Mariam, 27: “They forgot we needed each of them”

“I was 12 years old when my parents got divorced and my mum was given custody of the kids. While staying with her, I and my two sisters looked forward to seeing my dad since she had permitted him to visit us at any time.  But guess what? He never cared to visit. As kids, we were terribly hurt and felt our dad had abandoned us.

While they planned for a divorce they never knew that we needed the presence of both parents. I wanted them to tell us what our future would be after their divorce. But they never asked for our opinion. Being the eldest, I was the one that had to provide answers to the questions of my little sisters when they noticed that mum and dad had started living separately.”

Juliet, 28: “In the evening, I prayed that they would not kill each other.”

“My parents got divorced when I was 8 years old. That was after spending two years quarreling and insulting each other every single day.  It was somehow a relief for me because back then while they quarreled I used to sit in the corner and pray they don’t kill each other. But when the quarrels continued, I prayed for a separation. “If one must die, it should be my dad,” I thought to myself.

alone, child, children

When my parents finally got divorced, I felt responsible for it and couldn’t forgive myself. Maybe my prayers were heard or maybe I should have prayed for peace instead of separation. I was overwhelmed with guilt and it took many years to let go of such feeling.“

Elijah, 19: “I hated everyone.”

“My parents’ divorce made me feel I was the unluckiest person in the world. I had to stay with my dad because my mum had abandoned me to marry her lover. I suffered from loneliness and depression. That year when their divorce was finalized, I failed terribly in school and wanted to stop schooling but my dad refused.

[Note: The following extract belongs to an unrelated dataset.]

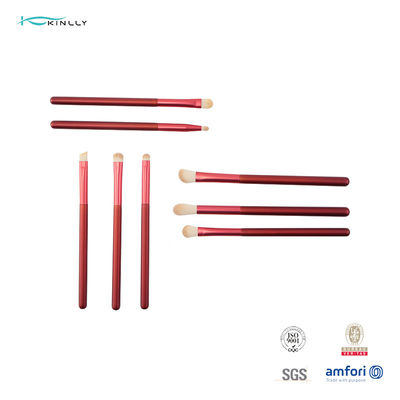 OEM 12PCS Aluminum Ferrule Full Makeup Brush Set With Red Handle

I grew up with hatred for my mum because I felt she didn’t love me. Everything got worst when my dad’s girlfriend moved in with us. I hated her too. I hated everyone. In order to find inner peace, I tried taking drugs and that was how I developed my addiction.”

Chloe, 21: “He was a selfish dad.”

“My parents have been divorced for almost four years. My father left for another woman. It was so painful to watch him leave after being married to my mum for twenty years. The most painful part was to see him go after my mother for money.  My dad is very selfish and only thinks of his comfort. I grew up having this hatred for him because each time I looked at him, I knew he didn’t love me nor my mum anymore. He only loved himself. Due to that incident, I found it difficult to fall in love with a man because he might just turn out like my dad.”

Melina, 12: “I never imagined what it would become.”

“My friends whose parents were divorced had told me that a divorce isn’t always bad because you get the chance to live in two different houses and get lots of gifts from both parents. Initially, I believed what they said but when my parents got separated a year ago, I realized that my friends had lied. I wasn’t interested in shuttling two different apartments. I wasn’t interested in the gifts my dad bought each time he visited. I missed living together as a family.

When my parents told me of the separation, they explained that henceforth,  I would have to spend one week with dad and the other week with mum. Initially, I wasn’t happy with the new arrangement so each time I was with any one of them, they tried to keep me happy. Well, as time went on, I and my little brother got used to it.”

 

A divorce often introduces a massive change in the life of a child irrespective of his/her age. So, while considering a divorce, the parents shouldn’t neglect the feelings of the children. For kids that are grown, the parents must communicate with them. Don’t act too busy with the divorce process instead, create time to listen to your child’s feelings. He/she might be feeling guilty, depressed, lonely or even suicidal. I guess you don’t want to lose your child’s sanity alongside your marriage.  Talk to your kids and make them understand the reasons for the separation.

To keep the child happy after a divorce, the parents should avoid unnecessary quarrels with regards to child custody and expenses. Also, every parent should desist from turning the heart of the kids against the other parent. If you love your kids then you should be there for them as they readjust and heal from the pains caused by the divorce.